■ **Problem description**
All lines from the one containing "Nivea Живильний денний" through the end of the data below are to be repeated exactly, with pictures left out.

■ **Record set**
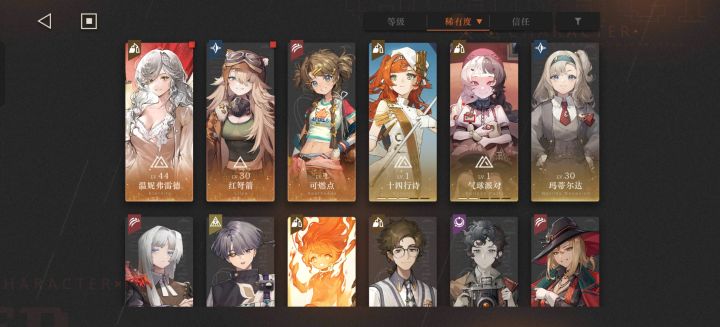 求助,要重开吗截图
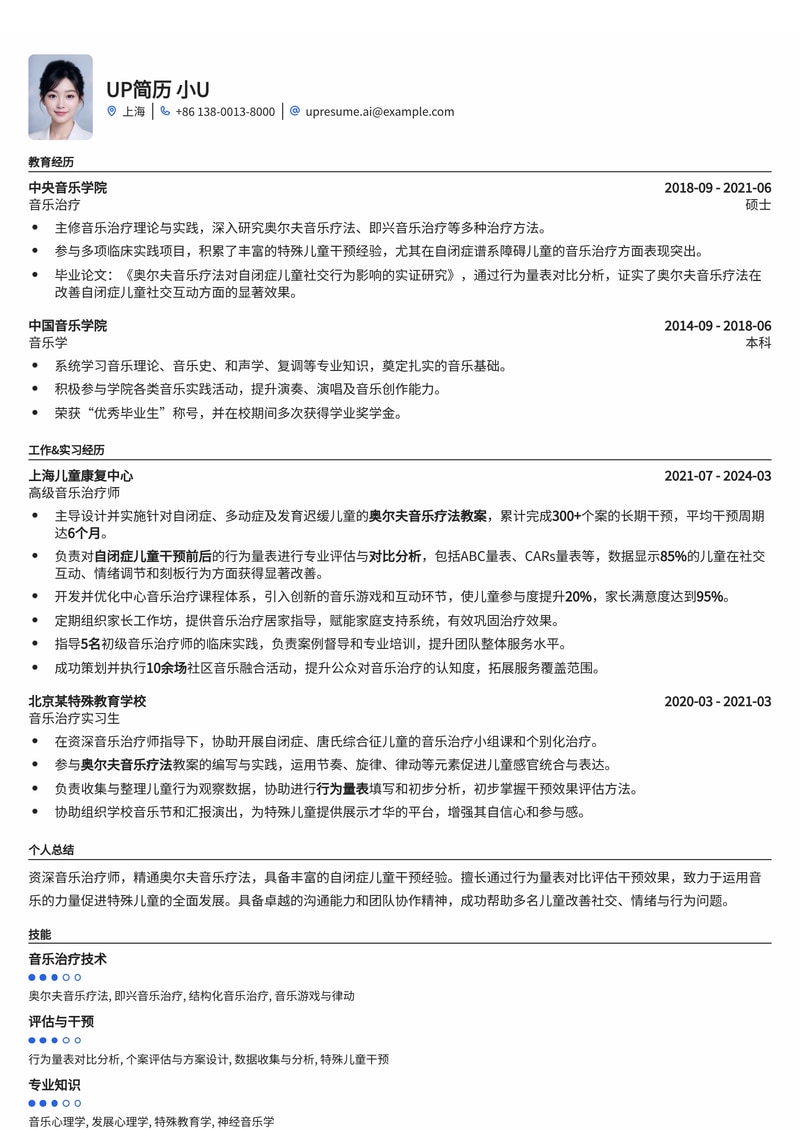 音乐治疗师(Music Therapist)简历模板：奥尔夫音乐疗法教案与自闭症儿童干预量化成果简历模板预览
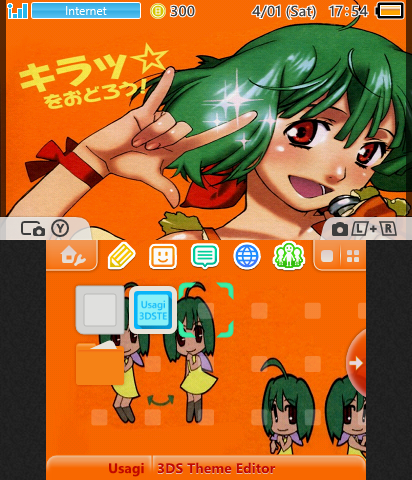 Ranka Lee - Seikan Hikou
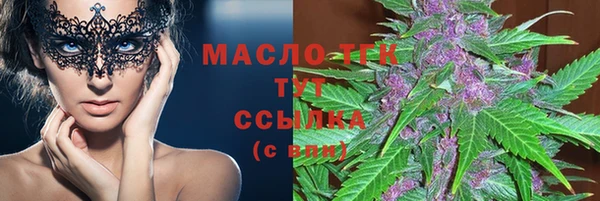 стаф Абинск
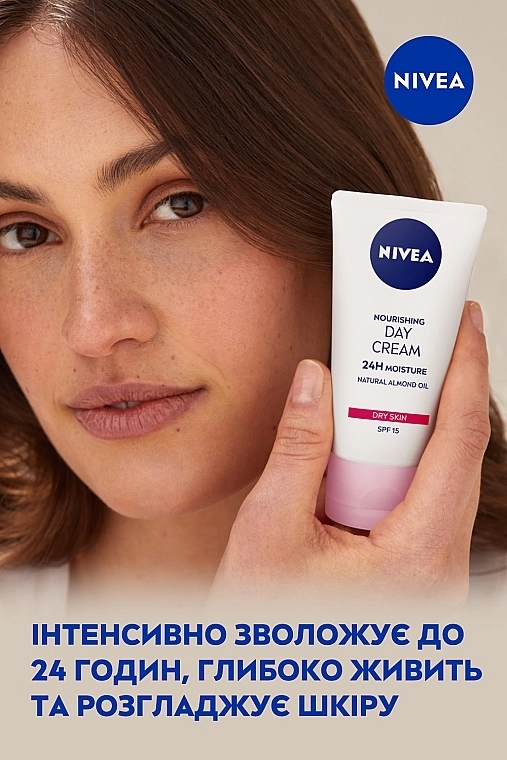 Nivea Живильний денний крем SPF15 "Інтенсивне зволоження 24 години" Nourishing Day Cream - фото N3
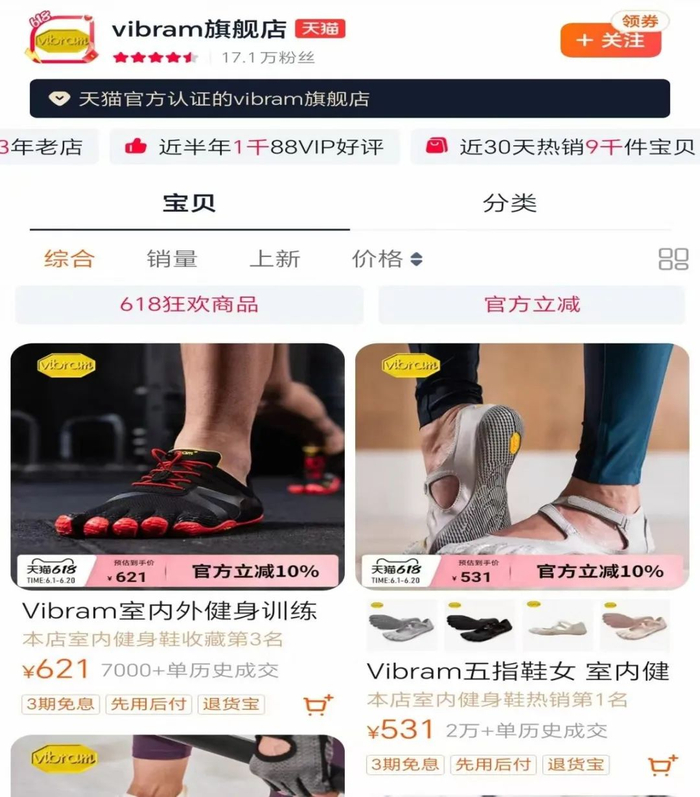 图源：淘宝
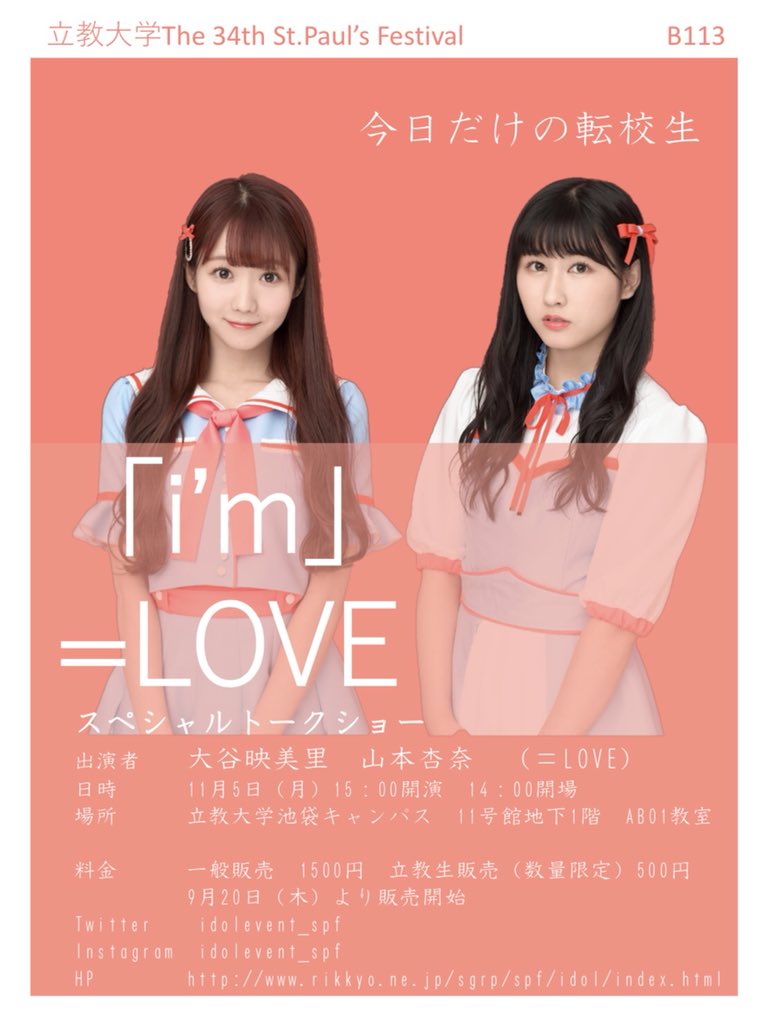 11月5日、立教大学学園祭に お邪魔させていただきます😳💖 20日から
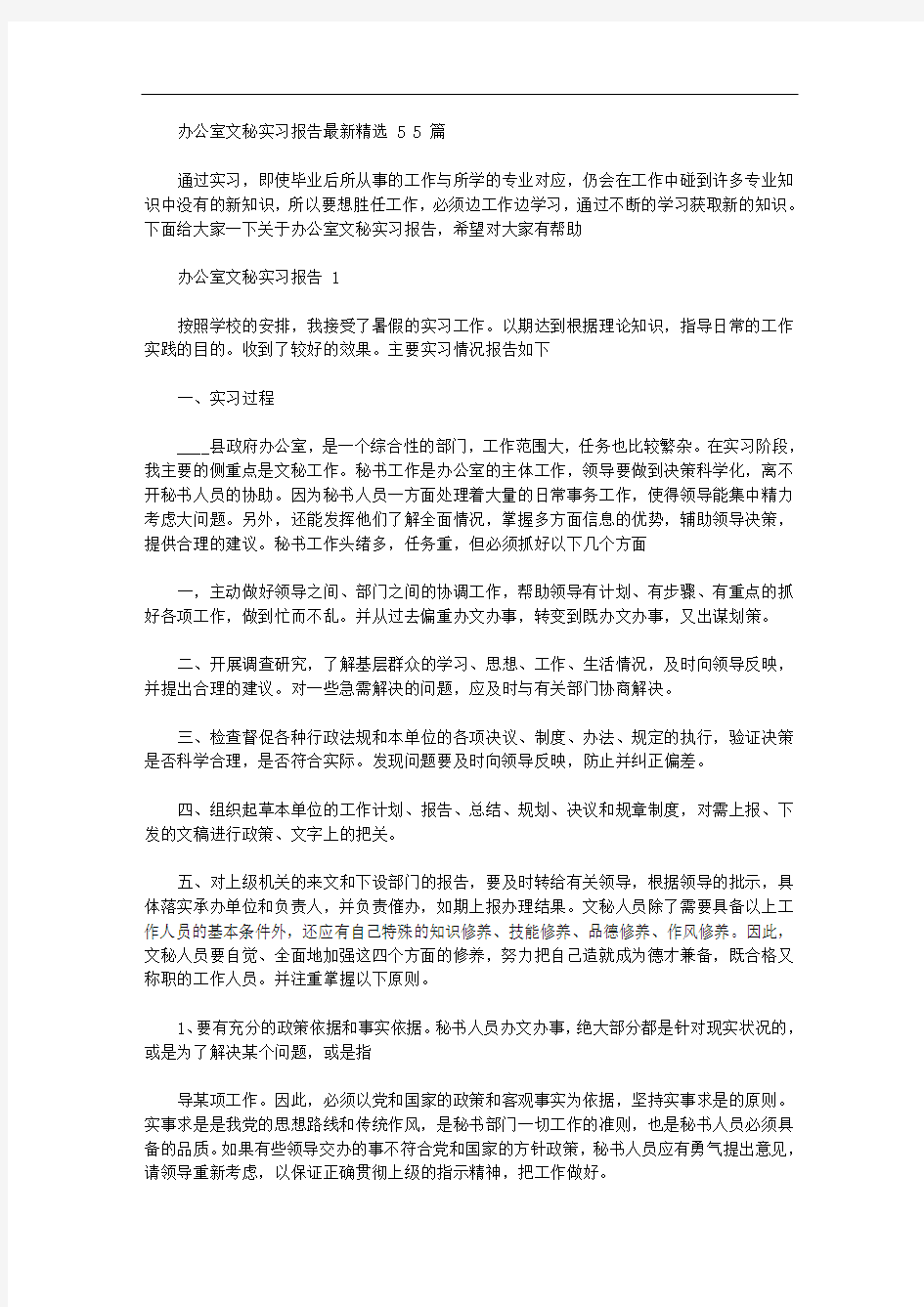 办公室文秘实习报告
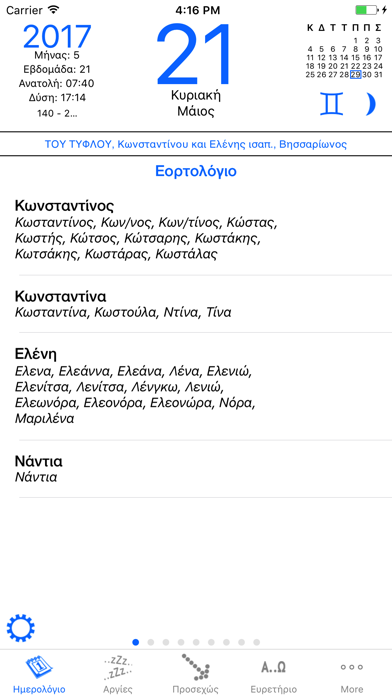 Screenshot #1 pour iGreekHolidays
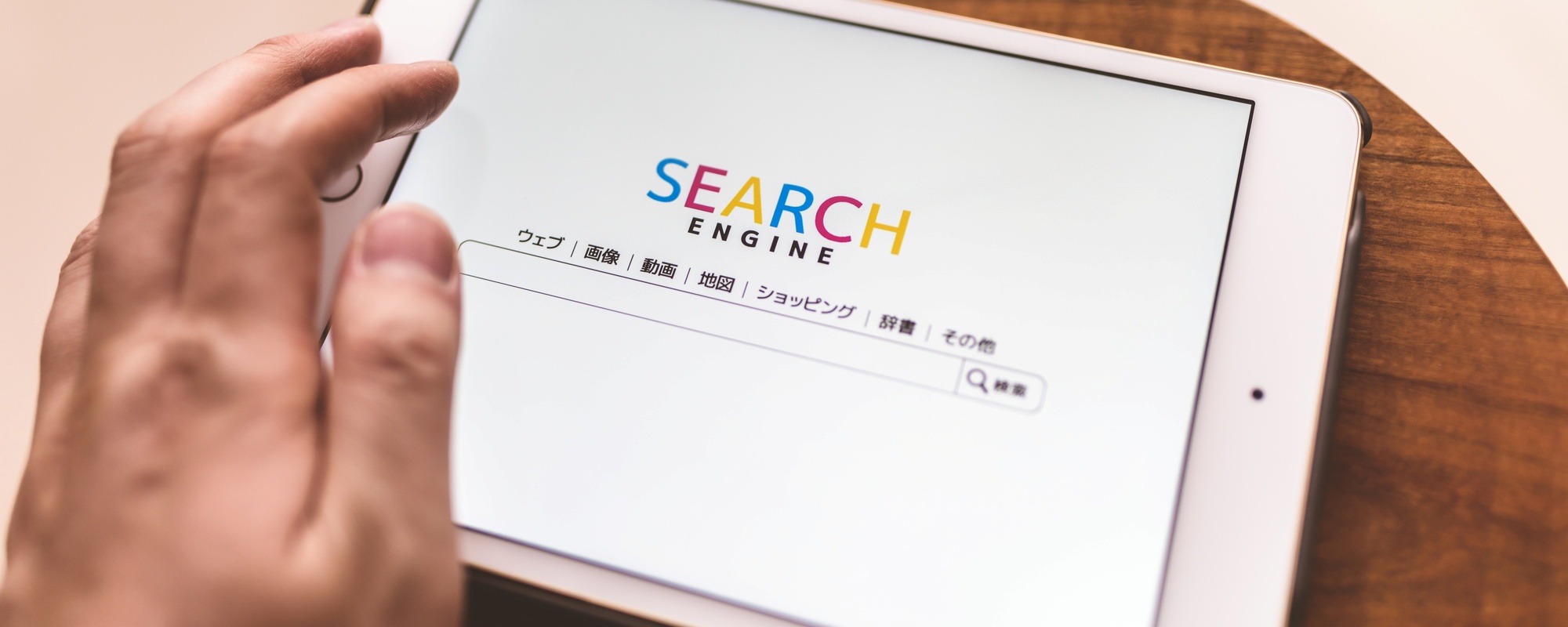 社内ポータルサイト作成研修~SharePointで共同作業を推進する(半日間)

■ **Task solution**
 Nivea Живильний денний крем SPF15 "Інтенсивне зволоження 24 години" Nourishing Day Cream - фото N3
 图源：淘宝
 11月5日、立教大学学園祭に お邪魔させていただきます😳💖 20日から
 办公室文秘实习报告
 Screenshot #1 pour iGreekHolidays
 社内ポータルサイト作成研修~SharePointで共同作業を推進する(半日間)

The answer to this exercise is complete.